PHP RFC: Change the default of $characters in mb_trim function
- Version: 0.1
- Date: 2024-04-03
- Author: Yuya Hamada, youkidearitai@gmail.com
- Status: Draft
- First Published at: http://wiki.php.net/rfc/mb_trim
Introduction
We found a problem with $characters, the second argument of mb_trim. This RFC will be a proposed solution to that problem.
First, the mbstring_arginfo.h file output by mbstring.stub.php, which is added by the mb_trim function, generates UTF-8 strings, which prevents it from compiling with some on Visual C++
https://github.com/php/php-src/issues/13789
Next is the problem that $characters in the mb_trim function cannot be trimmed with other character encodings with the default.
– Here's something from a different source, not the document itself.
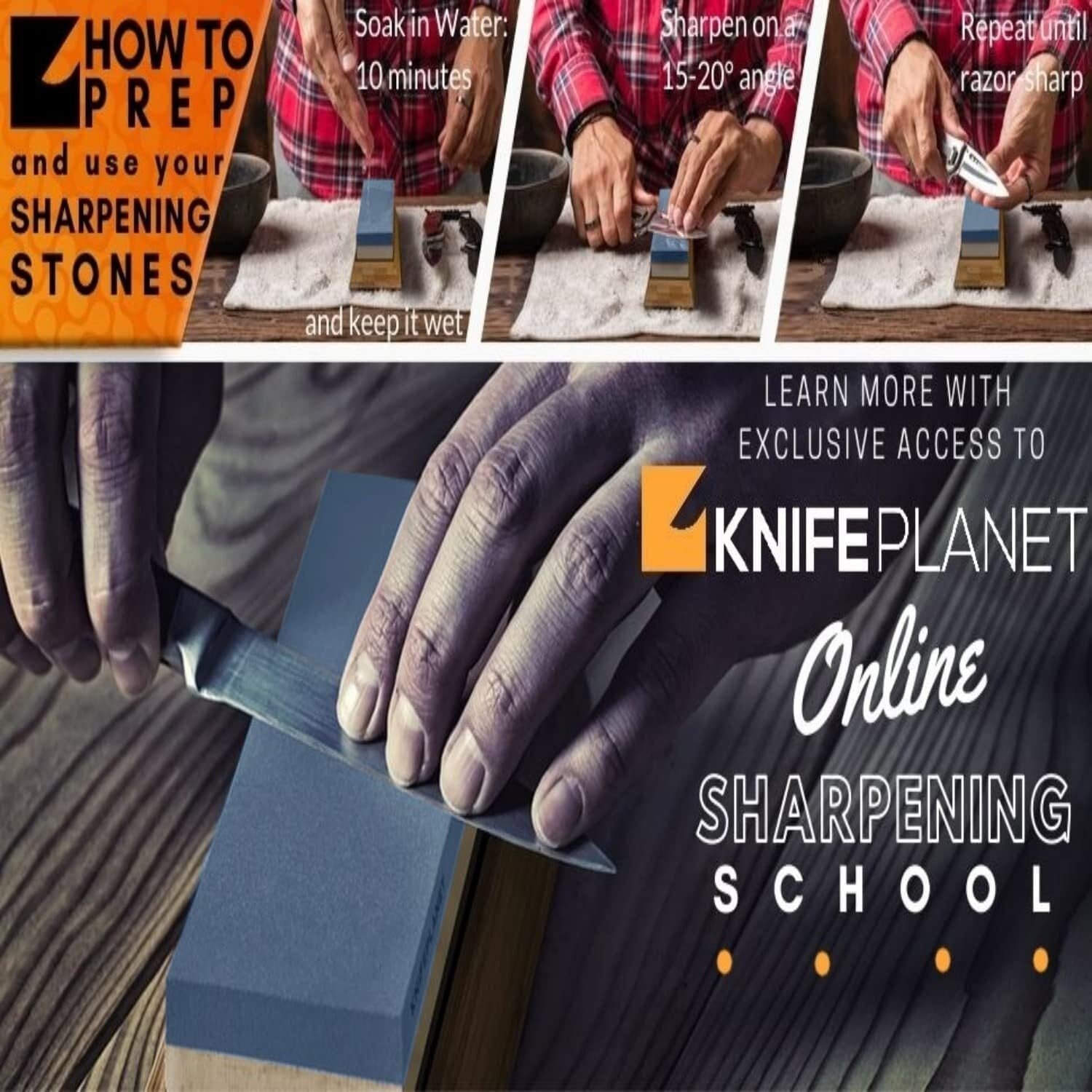 Professional Knife Sharpening Whetstone Set with Non-Slip Rubber Bases Included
https://github.com/php/php-src/issues/13815
Putting all these together, we create this RFC that $characters in mb_trim is more appropriate to be null.
Proposal
Change the default of $characters in mb_trim, mb_ltrim and mb_rtrim functions
function mb_trim(string $string, ?string $characters = null, ?string $encoding = null): string
function mb_ltrim(string $string, ?string $characters = null, ?string $encoding = null): string
function mb_rtrim(string $string, ?string $characters = null, ?string $encoding = null): string
If $characters is null, the following characters are trimmed by default.
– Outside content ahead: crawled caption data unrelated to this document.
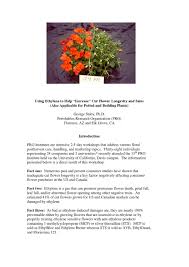 Maybe you would like to learn more about one of these? Using Ethylene To Help Increase Cut Flower Longevity And Sales Also For Potted And Bedding Plant By Horticultura Poscosecha Issuu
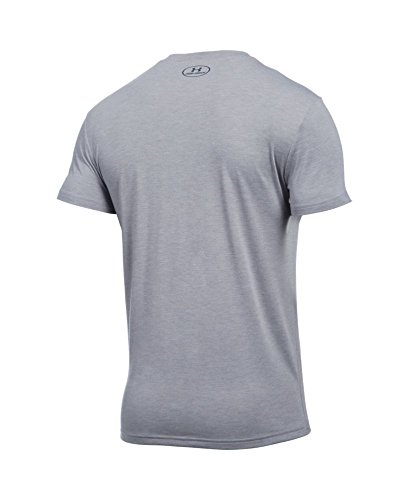 Under Armour Men's Core Crew Undershirt, True Gray Heather (025)/Stealth Gray, Small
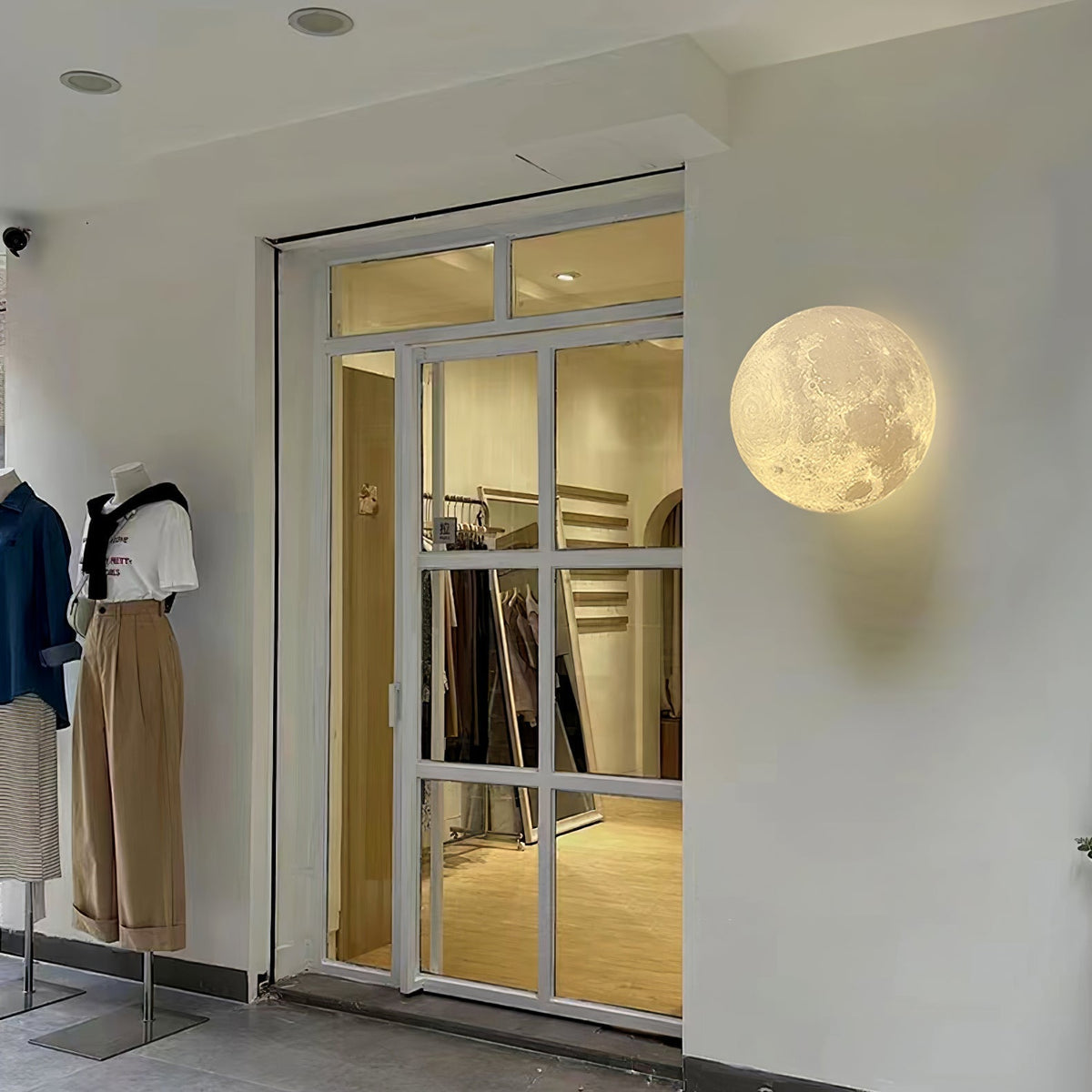 Brivel Nordic Art Moon 3D Plastic Wall Lamp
Here's the list of characters trimmed:
Same as trim:
U+0020 SPACE (also in Separator category) U+0009 \t U+000A \n U+000B \v U+000D \r
not removed in trim(), probably it wasn't common enough, but ok for mb_trim
U+000C \f
Removed in trim, but not included in regex \s
U+0000 \0
whole Separator Z category (20 codepoints) covered by regex \s:
U+0020 SPACE U+00A0 NO-BREAK SPACE U+1680 OGHAM SPACE MARK U+2000 EN QUAD U+2001 EM QUAD U+2002 EN SPACE U+2003 EM SPACE U+2004 THREE-PER-EM SPACE U+2005 FOUR-PER-EM SPACE U+2006 SIX-PER-EM SPACE U+2007 FIGURE SPACE U+2008 PUNCTUATION SPACE U+2009 THIN SPACE U+200A HAIR SPACE U+2028 LINE SEPARATOR U+2029 PARAGRAPH SEPARATOR U+202F NARROW NO-BREAK SPACE U+205F MEDIUM MATHEMATICAL SPACE U+3000 IDEOGRAPHIC SPACE
Other symbols (included in regex \s):
U+0085 NEXT LINE (NEL) U+180E MONGOLIAN VOWEL SEPARATOR
Backward Incompatible Changes
This could break a function existing in userland with the same name.
Proposed PHP Version(s)
PHP 8.4
RFC Impact
To SAPIs
To SAPIs Will add the aforementioned functions to all PHP environments.
To Existing Extensions
Fixes mb_trim(), mb_ltrim() and mb_rtrim() to the mbstring extension.
To Opcache
No effect.
New Constants
No new constants.
php.ini Defaults
No changed php.ini settings.
Open Issues
Future Scope
This section details areas where the feature might be improved in future, but that are not currently proposed in this RFC.
Proposed Voting Choices
Include these so readers know where you are heading and can discuss the proposed voting options.
Implementation
References
Rejected Features
Keep this updated with features that were discussed on the mail lists.